Non è poco. Equivale ad una rivoluzione copernicana, perché prima, nel documento di Giovanni Paolo II che questo testo ora supera e riscrive, si specificava che la “potestà di governo” era riservata a chi aveva “gli ordini sacri” cioè sacerdoti (al massimo suore…) e niente laici. Come specificato da p. Ghirlanda, adesso tutto cambia: “anche i laici possono svolgere tali affari, esercitando la potestà ordinaria vicaria di governo ricevuta dal Romano Pontefice con il conferimento dell’ufficio. Ciò conferma che la potestà di governo nella Chiesa non viene dal sacramento dell’Ordine, ma dalla missione canonica” che il Papa stesso conferisce e lo può fare in quanto Successore di Pietro. La norma recepisce il Concilio Vaticano II e – come ha spiegato brevemente lo stesso p. Ghirlanda – si mette la parola fine ad un complicato dibattito teologico-canonistico partito dal Concilio e arrivato fino a Giovanni Paolo II (quindi ad oggi). Riassunto: si tratta di vedere se “la potestà di governo è conferita ai vescovi con la missione canonica e al Romano Pontefice per missione divina oppure dal sacramento dell’Ordine. Se la potestà di governo è conferita attraverso la missione canonica, essa in casi specifici può essere conferita anche ai laici; se è conferita col sacramento dell’Ordine, i laici non possono ricevere alcun ufficio nella Chiesa che comporti l’esercizio della potestà di governo”.

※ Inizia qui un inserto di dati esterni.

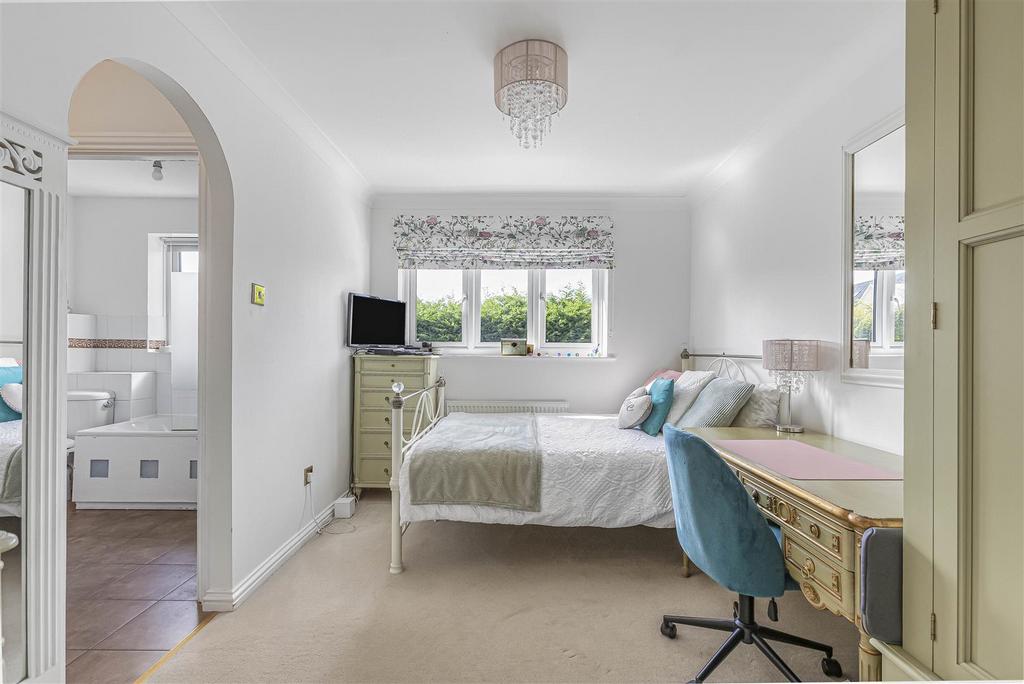 Bedroom 3:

Quindi sulla carta è una rivoluzione: il Papa può conferire un mandato di governo ai laici perché si tratta di “missione canonica” su incarico e non perché si appartiene al clero. In termini italiani sarebbe un duro colpo contro la “casta” (del clero, in questo caso).
Però… e qui ci sono i però. Basta scriverlo per realizzarlo? Si cambia una mentalità radicata (quella del clero che comanda) solo con una norma? E il resto delle “regole” scritte e non scritte in Vaticano e nella Chiesa in generale? Sì perché le regole prevedono che il sacerdote di turno per il fatto che appartiene al clero, sopravanza di grado e di responsabilità il laico, anche se quest’ultimo ha dei “gradi” maggiori del sacerdote. Un po’ come se un colonnello comandasse al generale. Quindi sulla carta è una rivoluzione. Nella realtà probabilmente non funziona. Maggiori dettagli sulle Regole – facili facili, semplici semplici – che si possono applicare, sono ben spiegati in un (mio) ebook che affronta esattamente tali questioni. Perché, come al solito, per cambiare davvero basterebbe molto poco. Per questo è molto difficile.